The film received generally unfavorable reviews from critics and failed to match the box-office success of his previous American film. The movie was issued on VHS tape in 1998; to date, a DVD and a Blu-ray have been released in Spain, but none in the United States. [5]
Pepe is a hired hand, employed on a ranch. A boozing Hollywood director, Mr. Holt, buys a white stallion that belongs to Pepe's boss. Pepe, determined to get the horse back (as he considers it his family), decides to go to Hollywood. There he meets film stars, including Jimmy Durante, Frank Sinatra, Zsa Zsa Gabór, Bing Crosby, Maurice Chevalier and Jack Lemmon in drag as Daphne from Some Like It Hot . He is also surprised by things that were new in the U.S. at the time, such as automatic doors. When he finally reaches the man who bought the horse, he is led to believe there is no hope of getting it back. However Mr. Holt offers him a job when he realizes that Pepe brings new life to the stallion. With his luck changing, Pepe wins big money in Las Vegas, enough that Mr. Hold lets him be the producer of his next movie. Most of the movie centers around his meeting Suzie Murphy, an actress on hard times who hates the world. Just like with the stallion, Pepe brings out the best in Suzie and helps her become a big star in a movie made by Mr. Holt. The last scene shows both him and the stallion back at the ranch with several foals.
In August 1957 George Sidney Productions announced Leonard Spigelglass was working on the screenplay of a vehicle for Cantiflas called Magic. [6] In November of that year Sidney announced the film was called Pepe. [7]

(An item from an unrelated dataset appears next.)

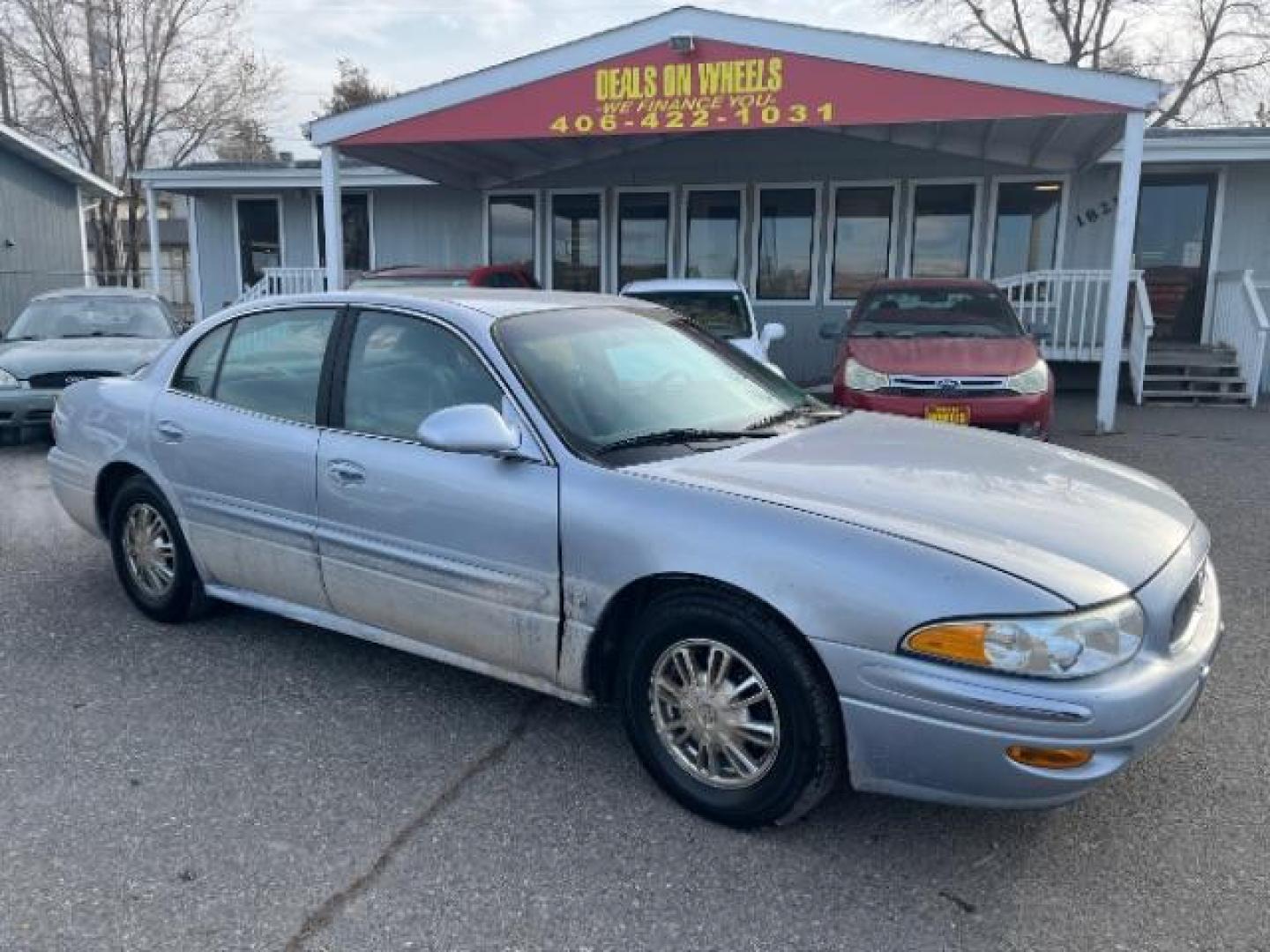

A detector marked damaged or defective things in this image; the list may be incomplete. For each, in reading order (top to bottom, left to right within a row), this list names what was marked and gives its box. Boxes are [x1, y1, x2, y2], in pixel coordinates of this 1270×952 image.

crack in pavement [283, 695, 541, 952]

The film was based on an Austrian musical revue, Broadway Zauber ("Broadway Magic"), whose debut in Vienna in 1935 was reviewed by Variety. [8]

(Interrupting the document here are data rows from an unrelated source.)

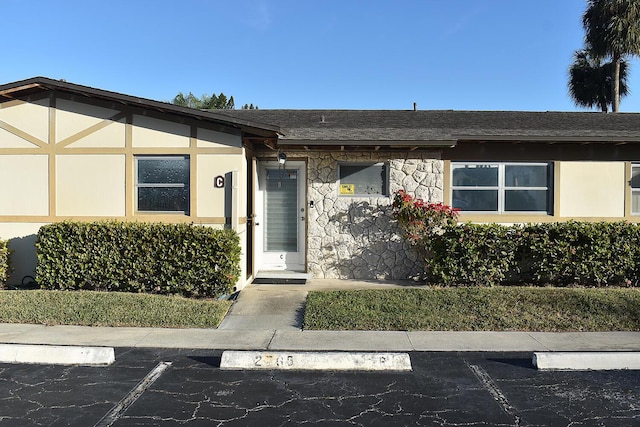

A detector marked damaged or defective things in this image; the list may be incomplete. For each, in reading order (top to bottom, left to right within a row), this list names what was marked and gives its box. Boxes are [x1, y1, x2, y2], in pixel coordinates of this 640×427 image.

cracked asphalt [1, 350, 640, 426]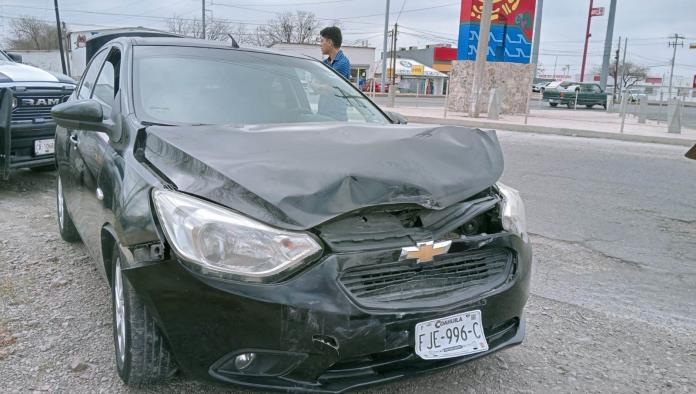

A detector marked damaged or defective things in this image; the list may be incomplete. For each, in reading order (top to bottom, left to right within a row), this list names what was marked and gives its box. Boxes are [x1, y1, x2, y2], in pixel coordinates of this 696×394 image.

broken headlight [152, 189, 320, 282]
crumpled hood [145, 122, 506, 228]
damaged front end [122, 181, 532, 390]
broken headlight [494, 182, 528, 242]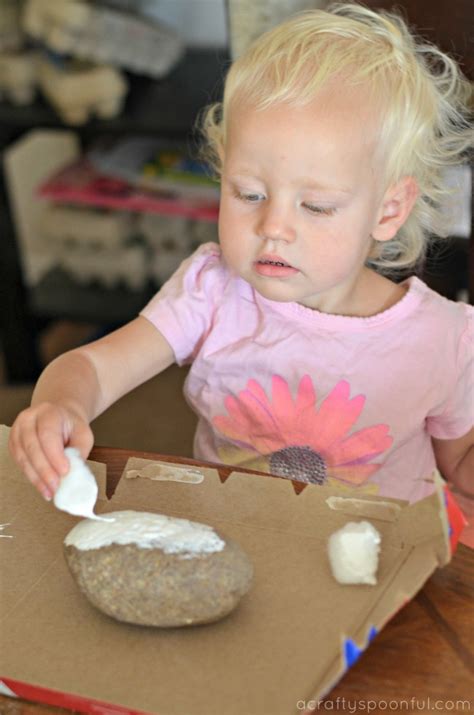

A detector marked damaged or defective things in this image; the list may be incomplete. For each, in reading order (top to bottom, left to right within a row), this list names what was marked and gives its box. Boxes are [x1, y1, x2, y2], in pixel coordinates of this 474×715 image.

In April 1959 contracts were signed with Columbia to produce and release the film. George Sidney was to direct and co produce, under his own banner, along with Jacques Gelman, head of Posa International films. [9]
George Sidney later recalled "there were problems dealing with the logistics of making a picture in two countries with a writer's strike going on at the same time. It was difficult trying to schedule around this person and that person and getting all of the people together. Shooting in Mexico with two sets of crew down there posed problems. I was moving back and forth and any time I was in one place I needed to be in another place." Sidney says that because of the writers strike, Durante and Cantiflas had to ad lib their scene together. "It turned out to be pretty funny," said Sidney. "The studio thought we had hired writers on the black market." [10]

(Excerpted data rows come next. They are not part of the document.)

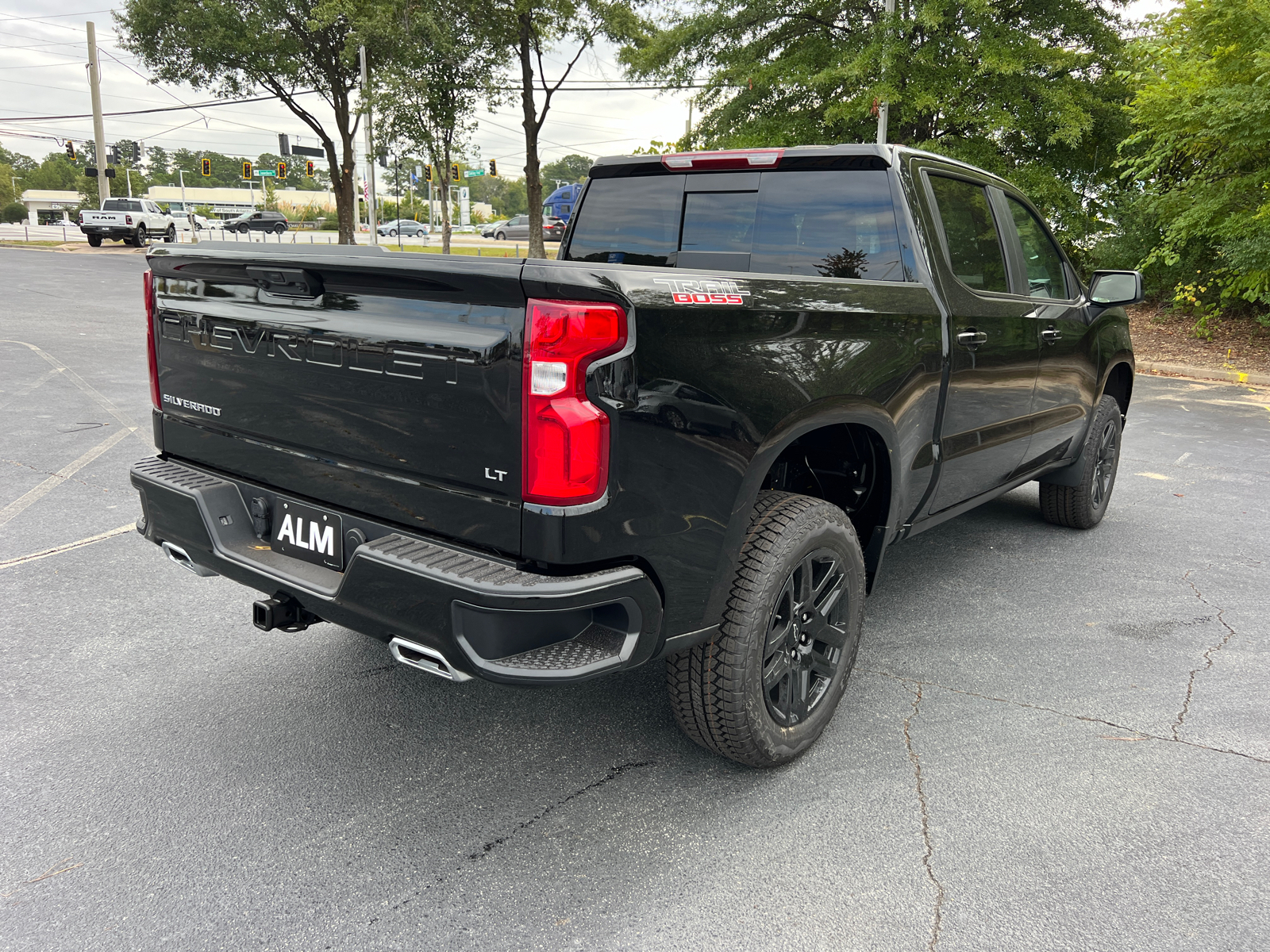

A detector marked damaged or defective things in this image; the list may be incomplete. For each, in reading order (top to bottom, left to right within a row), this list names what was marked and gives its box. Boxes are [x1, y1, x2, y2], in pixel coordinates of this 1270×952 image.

crack in pavement [864, 670, 1270, 766]
crack in pavement [1168, 571, 1239, 741]
crack in pavement [470, 762, 655, 863]
crack in pavement [904, 680, 945, 949]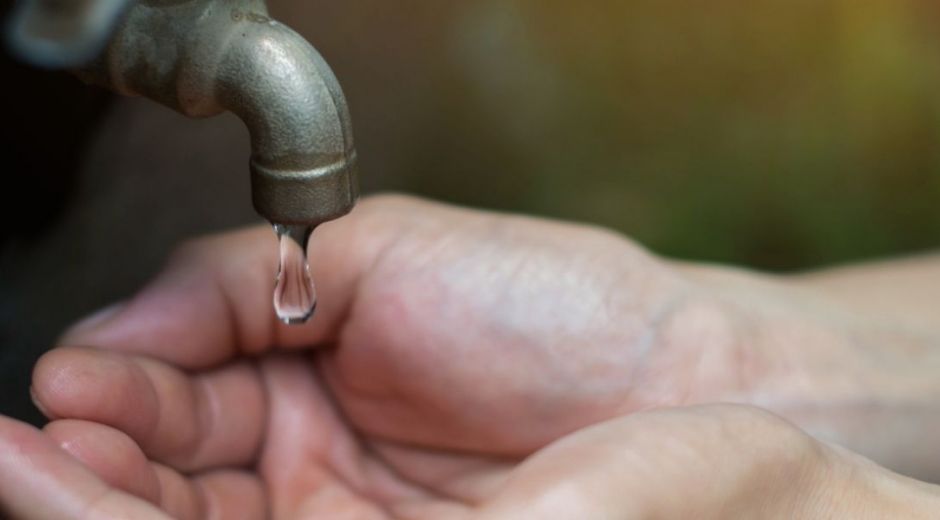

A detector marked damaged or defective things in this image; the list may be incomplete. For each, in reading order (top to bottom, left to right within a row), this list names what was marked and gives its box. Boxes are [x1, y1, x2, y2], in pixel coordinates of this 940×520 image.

corroded metal pipe [7, 0, 358, 228]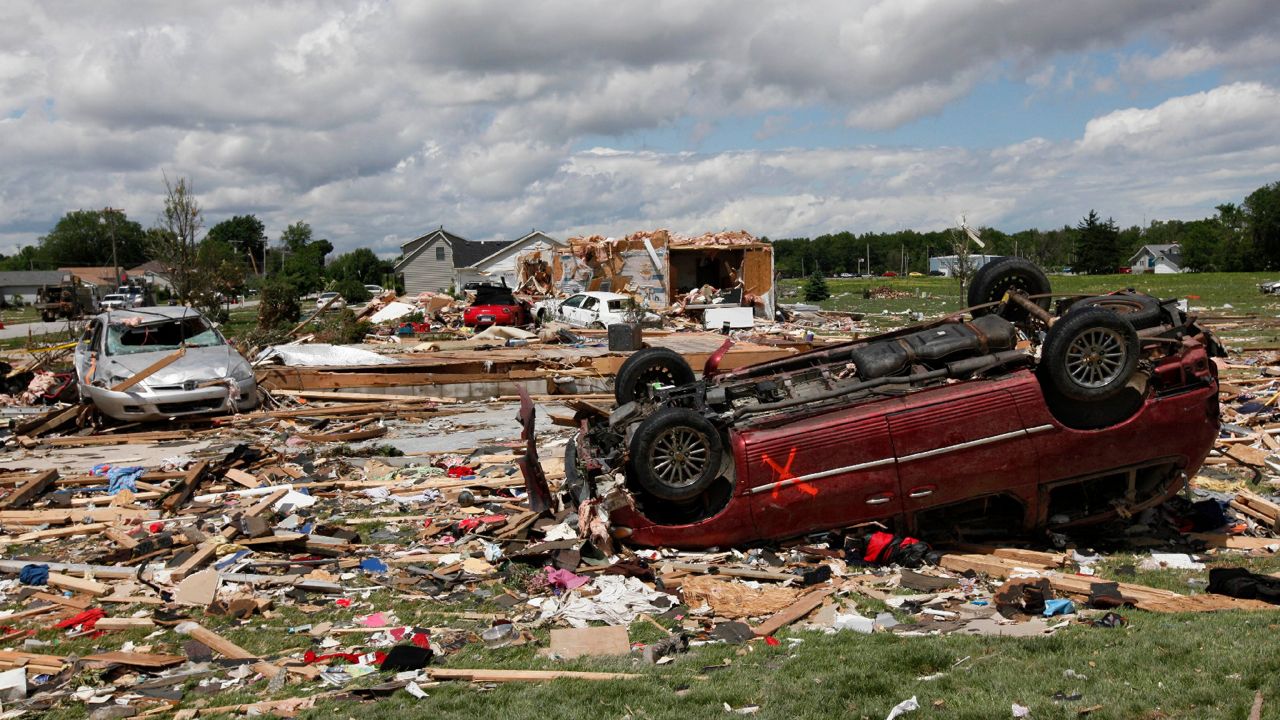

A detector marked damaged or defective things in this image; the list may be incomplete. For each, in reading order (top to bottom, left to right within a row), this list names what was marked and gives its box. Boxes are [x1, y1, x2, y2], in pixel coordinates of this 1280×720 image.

damaged white car [73, 306, 260, 422]
crushed red car [462, 284, 528, 330]
overturned red suv [516, 262, 1216, 548]
crushed red car [516, 262, 1216, 548]
overturned vehicle undercarriage [524, 262, 1232, 548]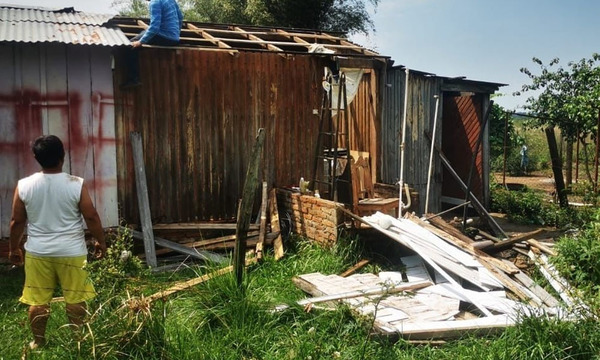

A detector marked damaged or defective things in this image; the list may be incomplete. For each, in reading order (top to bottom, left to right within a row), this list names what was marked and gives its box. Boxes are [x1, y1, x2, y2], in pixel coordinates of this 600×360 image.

rusty metal wall [0, 43, 119, 239]
rusty metal wall [112, 49, 382, 224]
rusty metal wall [382, 68, 442, 212]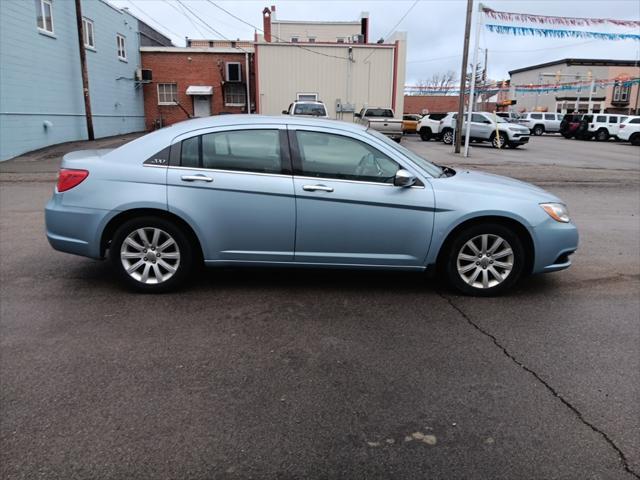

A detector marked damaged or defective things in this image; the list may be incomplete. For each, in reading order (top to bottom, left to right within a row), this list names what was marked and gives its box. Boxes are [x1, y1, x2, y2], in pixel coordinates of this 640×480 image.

pavement crack [440, 290, 640, 478]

It was Judy Garland’s first film work since A Star is Born was released in 1954. She was slated to make an onscreen appearance. However she was still recovering from illness and the producers decided to limit it to a song.
Bosley Crowther of The New York Times was not impressed. "The rare and wonderful talents of Mexican comedian Cantinflas, who was nicely introduced to the general public as the valet in Around the World in 80 Days, are pitifully spent and dissipated amid a great mass of Hollywooden dross in the oversized, over-peopled Pepe, which opened at the Criterion last night." [11]
Variety said it had a "wealth of entertainment" as well as "dull spots". [12]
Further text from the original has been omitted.